George Leef justly celebrates the appointment to the Arizona Supreme Court of Institute for Justice (IJ) co-founder Clint Bolick. (One of the more memorable of Clint’s many legal victories for entrepreneurs and workers threatened by an opportunity-denying, rent-creating-and-protecting state is his success at freeing Ego Brown to expand a shoeshine business in Washington, DC.) A slice from George’s essay:
Here’s a point worth pondering: Why is it that the so-called progressives, who incessantly say they’re concerned about the plight of poor people, never fight against the laws and regulations that take property from poor people and prevent them from engaging in honest businesses? Why is there no left-wing counterpart to IJ?
The answer, I submit, is that progressives are more concerned about preserving the myth that big government is the one and only friend of the poor than they are about the poor as individuals. Each time a lawyer like Clint Bolick wins a case that enables a poor American to gain when the yoke of government is removed from his shoulders, that myth frays a little more.

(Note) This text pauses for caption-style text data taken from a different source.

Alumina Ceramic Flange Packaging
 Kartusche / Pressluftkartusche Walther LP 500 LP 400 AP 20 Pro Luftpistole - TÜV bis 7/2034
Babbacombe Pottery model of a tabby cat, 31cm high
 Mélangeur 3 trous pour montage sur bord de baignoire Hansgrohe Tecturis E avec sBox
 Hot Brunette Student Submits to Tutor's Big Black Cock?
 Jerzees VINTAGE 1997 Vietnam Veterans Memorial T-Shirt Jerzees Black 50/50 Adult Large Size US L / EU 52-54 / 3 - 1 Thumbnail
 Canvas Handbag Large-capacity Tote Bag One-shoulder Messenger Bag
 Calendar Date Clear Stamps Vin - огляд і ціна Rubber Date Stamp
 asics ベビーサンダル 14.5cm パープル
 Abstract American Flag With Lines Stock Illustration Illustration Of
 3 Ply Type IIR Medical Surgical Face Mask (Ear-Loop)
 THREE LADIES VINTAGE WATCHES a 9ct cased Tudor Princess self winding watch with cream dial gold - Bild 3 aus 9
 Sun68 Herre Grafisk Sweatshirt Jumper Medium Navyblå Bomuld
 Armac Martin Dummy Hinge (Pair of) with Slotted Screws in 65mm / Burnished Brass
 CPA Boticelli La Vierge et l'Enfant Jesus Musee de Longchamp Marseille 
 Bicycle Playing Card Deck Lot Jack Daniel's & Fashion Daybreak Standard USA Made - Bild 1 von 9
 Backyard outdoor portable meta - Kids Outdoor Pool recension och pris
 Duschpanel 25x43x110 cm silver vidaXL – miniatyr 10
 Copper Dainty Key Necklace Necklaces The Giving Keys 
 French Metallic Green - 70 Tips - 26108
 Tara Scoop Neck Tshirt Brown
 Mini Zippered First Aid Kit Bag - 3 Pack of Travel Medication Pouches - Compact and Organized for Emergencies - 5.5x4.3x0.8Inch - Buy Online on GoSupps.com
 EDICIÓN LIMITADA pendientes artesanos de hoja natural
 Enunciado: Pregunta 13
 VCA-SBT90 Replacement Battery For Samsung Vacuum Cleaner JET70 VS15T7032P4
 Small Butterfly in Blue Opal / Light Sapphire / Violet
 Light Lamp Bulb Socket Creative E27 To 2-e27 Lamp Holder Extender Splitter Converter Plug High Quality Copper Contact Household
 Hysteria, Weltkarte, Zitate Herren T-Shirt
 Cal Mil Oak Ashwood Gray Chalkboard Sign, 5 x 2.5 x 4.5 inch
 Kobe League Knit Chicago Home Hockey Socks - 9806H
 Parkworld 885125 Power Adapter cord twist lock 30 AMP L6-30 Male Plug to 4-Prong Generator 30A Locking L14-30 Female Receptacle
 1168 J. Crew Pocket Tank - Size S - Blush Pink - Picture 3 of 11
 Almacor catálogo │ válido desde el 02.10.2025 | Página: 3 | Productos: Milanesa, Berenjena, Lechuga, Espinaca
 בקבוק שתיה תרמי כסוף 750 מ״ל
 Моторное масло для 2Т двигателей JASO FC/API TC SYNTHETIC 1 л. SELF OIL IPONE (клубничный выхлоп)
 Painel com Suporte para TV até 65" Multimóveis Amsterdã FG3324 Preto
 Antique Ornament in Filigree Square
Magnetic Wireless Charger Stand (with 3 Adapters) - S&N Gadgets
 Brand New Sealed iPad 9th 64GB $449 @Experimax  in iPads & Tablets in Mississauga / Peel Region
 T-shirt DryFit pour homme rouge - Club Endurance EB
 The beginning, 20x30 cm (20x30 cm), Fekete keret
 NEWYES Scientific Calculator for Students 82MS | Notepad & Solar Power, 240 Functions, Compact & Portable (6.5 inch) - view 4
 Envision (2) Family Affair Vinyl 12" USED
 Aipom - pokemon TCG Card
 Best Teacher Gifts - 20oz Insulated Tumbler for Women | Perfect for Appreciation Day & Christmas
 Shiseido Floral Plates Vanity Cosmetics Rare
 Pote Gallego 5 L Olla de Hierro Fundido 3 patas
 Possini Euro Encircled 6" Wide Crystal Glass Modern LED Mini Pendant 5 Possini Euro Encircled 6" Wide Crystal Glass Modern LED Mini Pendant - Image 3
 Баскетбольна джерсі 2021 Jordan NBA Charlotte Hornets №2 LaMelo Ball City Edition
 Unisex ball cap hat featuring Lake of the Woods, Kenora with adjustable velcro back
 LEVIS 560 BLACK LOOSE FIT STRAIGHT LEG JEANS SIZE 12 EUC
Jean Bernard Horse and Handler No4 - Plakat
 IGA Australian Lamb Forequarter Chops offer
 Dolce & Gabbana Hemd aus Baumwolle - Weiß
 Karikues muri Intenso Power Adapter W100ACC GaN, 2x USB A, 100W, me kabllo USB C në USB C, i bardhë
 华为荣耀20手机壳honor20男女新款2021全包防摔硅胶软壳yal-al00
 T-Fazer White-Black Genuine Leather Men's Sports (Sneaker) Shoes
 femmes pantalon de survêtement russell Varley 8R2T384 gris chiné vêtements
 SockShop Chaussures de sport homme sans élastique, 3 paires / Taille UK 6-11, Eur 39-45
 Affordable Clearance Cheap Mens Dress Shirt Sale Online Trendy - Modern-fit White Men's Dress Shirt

Kevin Williamson absolutely nails the arrogant essence of the intelligence-insulting spectacle that is the State of the Union “address.” Here’s the opening, but do read the whole thing:
The annual State of the Union pageant is a hideous, dispiriting, ugly, monotonous, un-American, un-republican, anti-democratic, dreary, backward, monarchical, retch-inducing, depressing, shameful, crypto-imperial display of official self-aggrandizement and piteous toadying, a black Mass during which every unholy order of teacup totalitarian and cringing courtier gathers under the towering dome of a faux-Roman temple to listen to a speech with no content given by a man with no content, to rise and to be seated as is called for by the order of worship — it is a wonder they have not started genuflecting — with one wretched representative of their number squirreled away in some well-upholstered Washington hidey-hole in order to preserve the illusion that those gathered constitute a special class of humanity without whom we could not live.
My old professor Randy Holcombe argues that U.S. drug prohibition destabilizes other countries.